## [What to produce]
Start with the line that holds "Designer černý jídelní". Please copy it and each remaining line below exactly, leaving pictures out.

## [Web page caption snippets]
------------------------
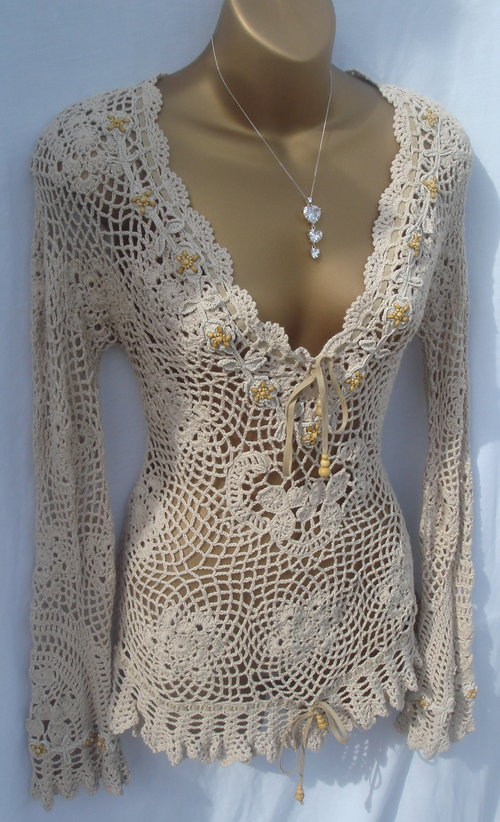 ergahandmade Crochet Top + Diagrams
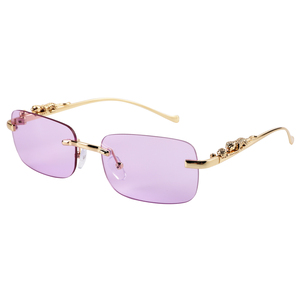 نظارات عصرية جديدة للنساء والرجال نظارات مستقيمة بدون إطار نظارات شمسية مربعة بدون إطار عتيقة ظلال - Product Image 4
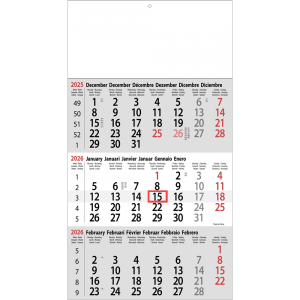 Calendrier trimestriel Classic 2026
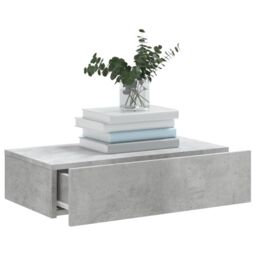 Berkfield Home TV Cabinet with LED Lights Concrete Grey 60x35x15.5 cm - thumbnail 5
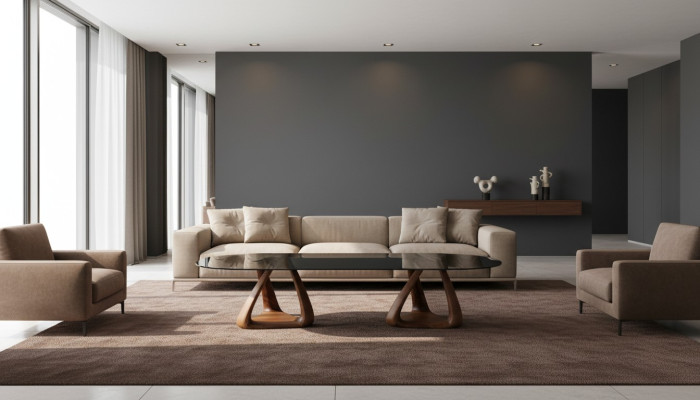 Designer černý jídelní stůl Luxus nábytek do jídelny Oválná dřevěná deska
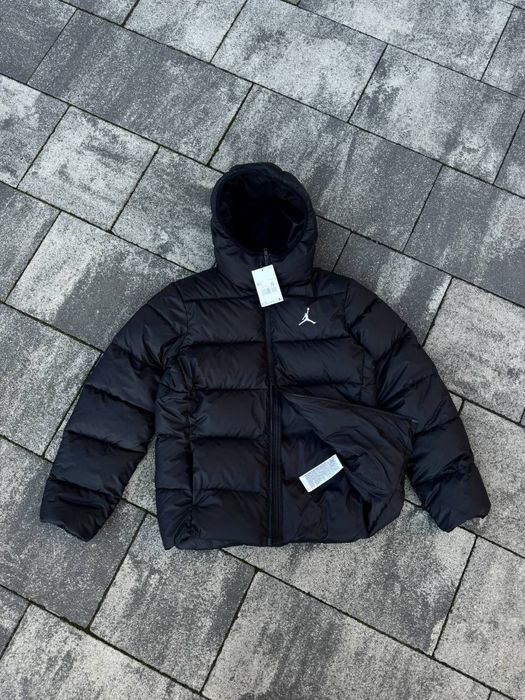 Пуховик Jordan Essential | Зимова Куртка Therma-FIT | Чорна | XS–XXL
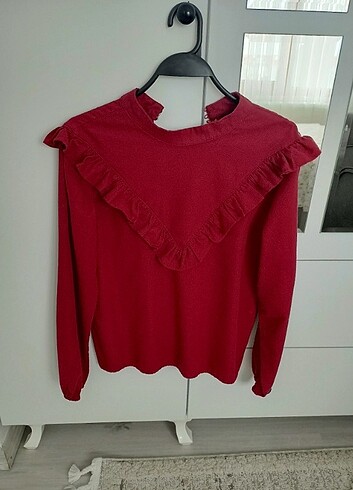m Beden bordo Renk Gömlek 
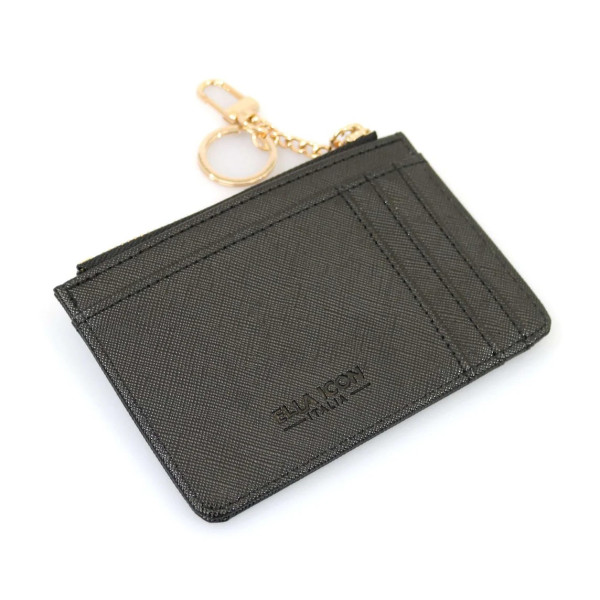 Etui pentru carduri Sim, Ella Icon, Negru, 12x9cm 2258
------------------------
## [Response area]
 Designer černý jídelní stůl Luxus nábytek do jídelny Oválná dřevěná deska
 Пуховик Jordan Essential | Зимова Куртка Therma-FIT | Чорна | XS–XXL
m Beden bordo Renk Gömlek 
 Etui pentru carduri Sim, Ella Icon, Negru, 12x9cm 2258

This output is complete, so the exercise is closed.